▶ **TASK REQUIREMENTS**: Transcribe all data verbatim. Skip the pictures.

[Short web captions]
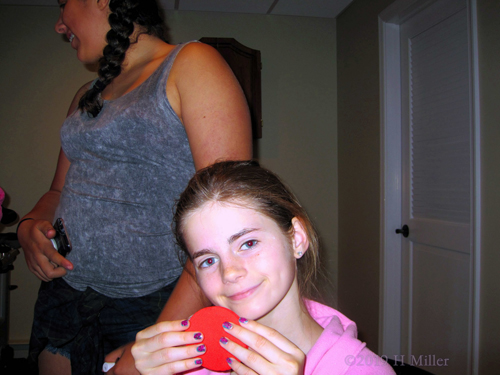 The Birthday Girl Is Showing Off Her Girls Manicure After Kids Facials The Birthday Girl Is Showing Off Her Girls Manicure After Kids Facials
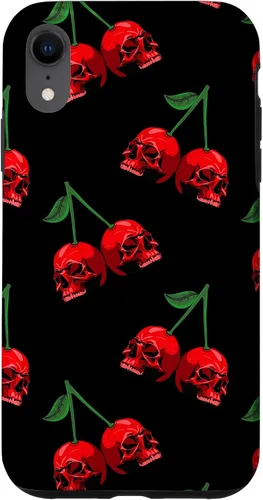 Miniatura 25 de Cute Cherry Skull Pattern Red Scary Skulls Black Background Case for iPhone 17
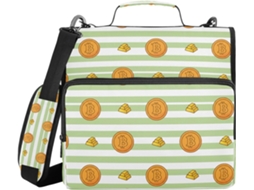 Pasta Organizadora De Escritório Listrada Em Verde E Branco Bitcoin Com Alça Ombro Mão, Grande Capacidade, 3, 8cm 1, 5 Polegadas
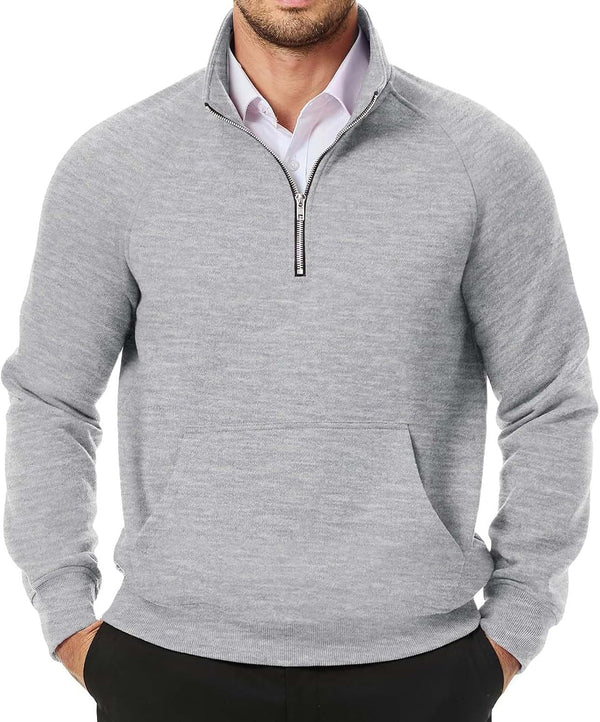 Men's Quarter-Zip Stand Collar Sweatshirt | Glitz & Fashion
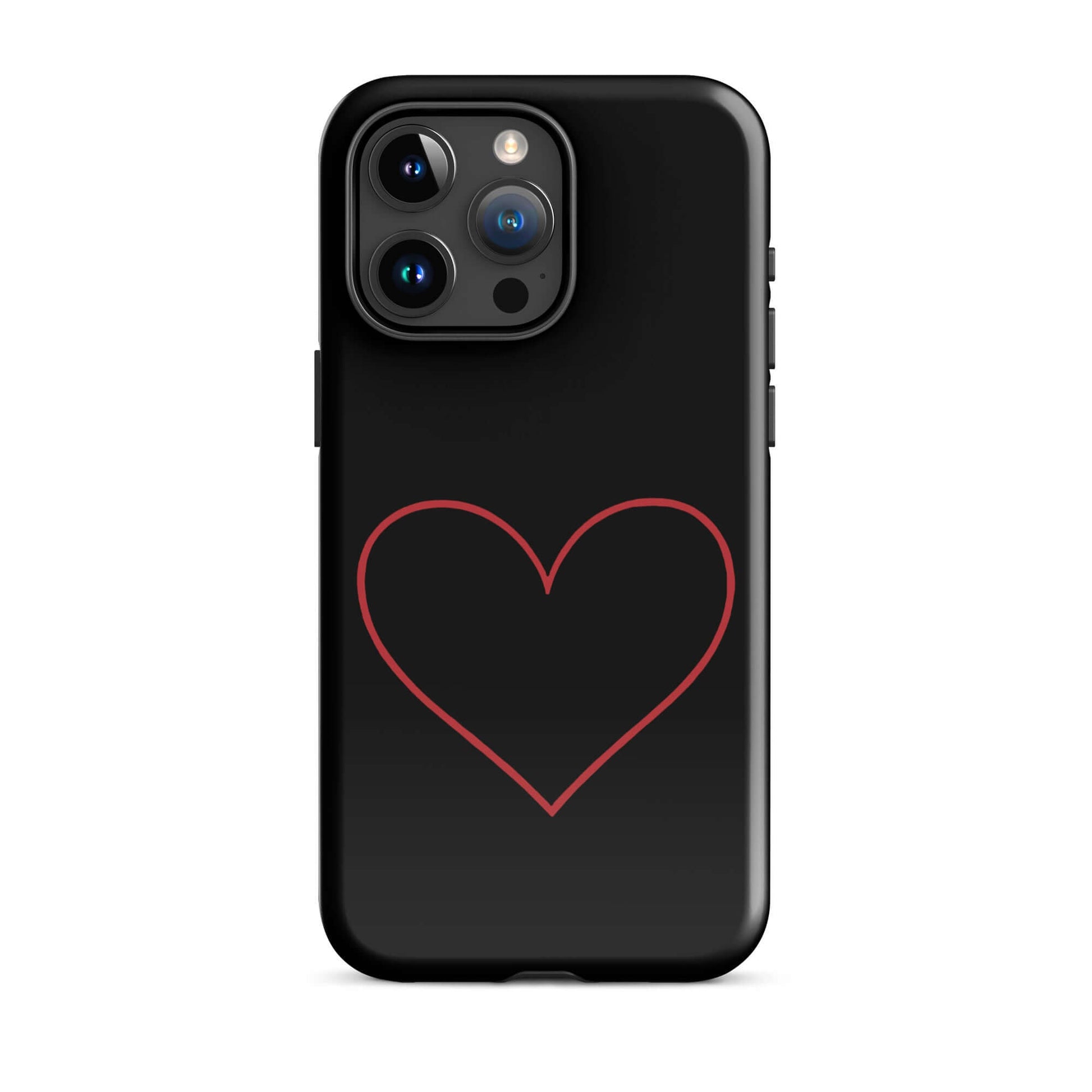 Phone Case featuring a minimalist crimson heart design on a sleek black background.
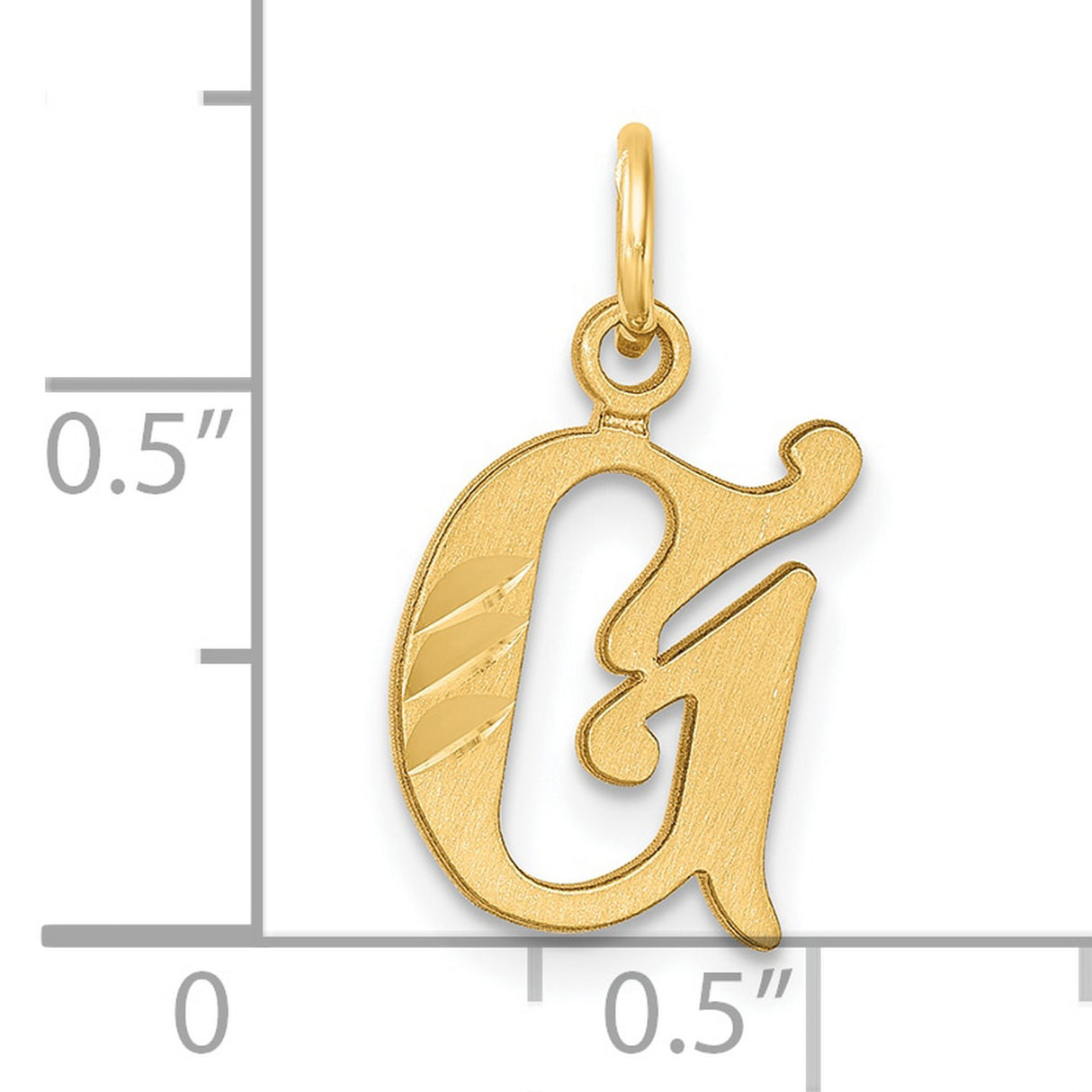 14k Yellow Gold Pendant, Decorative Script Letter G Charm, Unisex Alphabet Jewelry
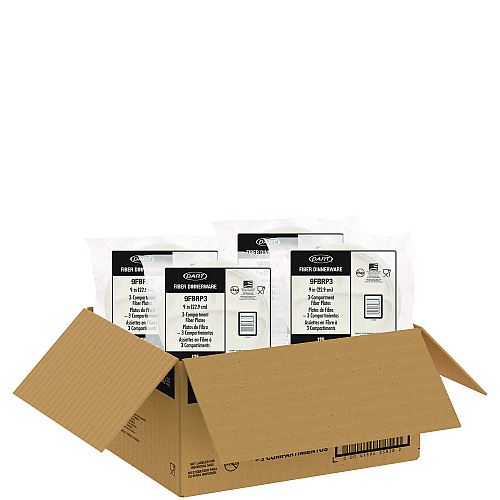 Dart Compostable Fiber Dinnerware, ProPlanet Seal, Plate, 3-Compartment Plate, 9" dia, Natural, 500/Carton (9FBRP3)
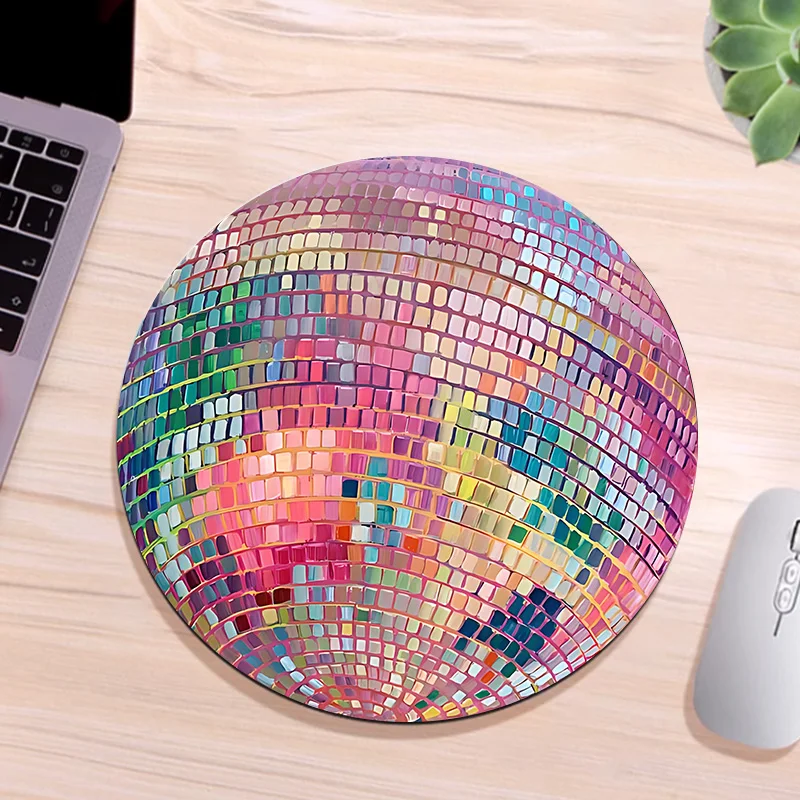 Laptop Accessories Pink - Rubber Round Pink Disco Ball Mouse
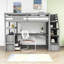 Lit mezzanine en bois avec bureau, tablettes et deux tiroirs Kaci-611991652-611991653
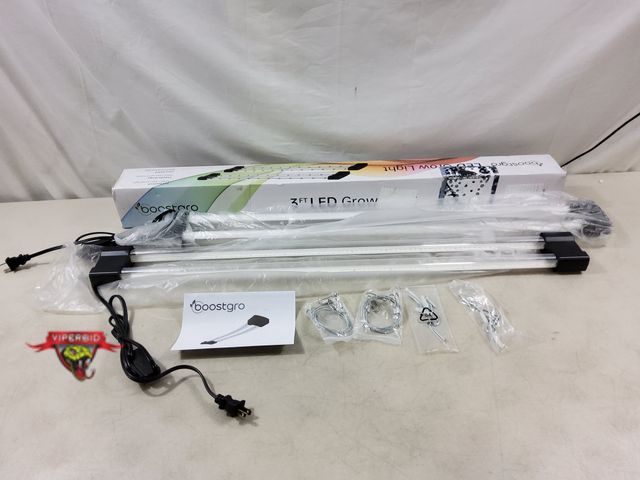 Lot 7-130654 - (2) Boostgrow plug in 3 ft. led grow lights. 5000K + 660 nm red light. Tested.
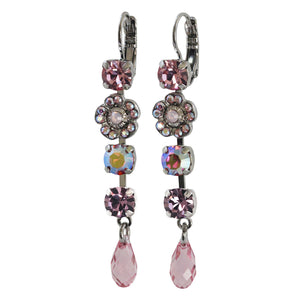 Mariana "Pretty in Pink" Rhodium Plated Floral Crystal Dangle Earrings, 1504/1 223ro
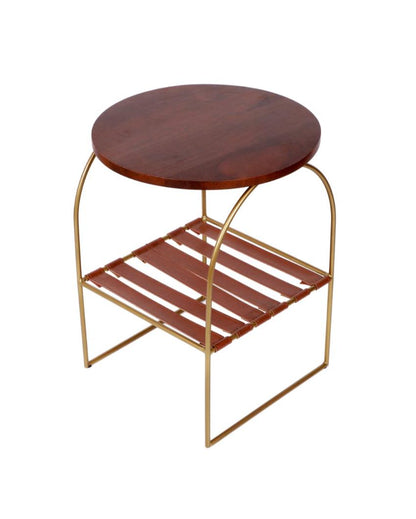 Strips Below Wooden Accent Table | 19 x 14 x 20 inches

▶ **OUTPUT OF THE EXERCISE**:
 The Birthday Girl Is Showing Off Her Girls Manicure After Kids Facials The Birthday Girl Is Showing Off Her Girls Manicure After Kids Facials
 Miniatura 25 de Cute Cherry Skull Pattern Red Scary Skulls Black Background Case for iPhone 17
 Pasta Organizadora De Escritório Listrada Em Verde E Branco Bitcoin Com Alça Ombro Mão, Grande Capacidade, 3, 8cm 1, 5 Polegadas
 Men's Quarter-Zip Stand Collar Sweatshirt | Glitz & Fashion
 Phone Case featuring a minimalist crimson heart design on a sleek black background.
 14k Yellow Gold Pendant, Decorative Script Letter G Charm, Unisex Alphabet Jewelry
 Dart Compostable Fiber Dinnerware, ProPlanet Seal, Plate, 3-Compartment Plate, 9" dia, Natural, 500/Carton (9FBRP3)
 Laptop Accessories Pink - Rubber Round Pink Disco Ball Mouse
 Lit mezzanine en bois avec bureau, tablettes et deux tiroirs Kaci-611991652-611991653
 Lot 7-130654 - (2) Boostgrow plug in 3 ft. led grow lights. 5000K + 660 nm red light. Tested.
 Mariana "Pretty in Pink" Rhodium Plated Floral Crystal Dangle Earrings, 1504/1 223ro
 Strips Below Wooden Accent Table | 19 x 14 x 20 inches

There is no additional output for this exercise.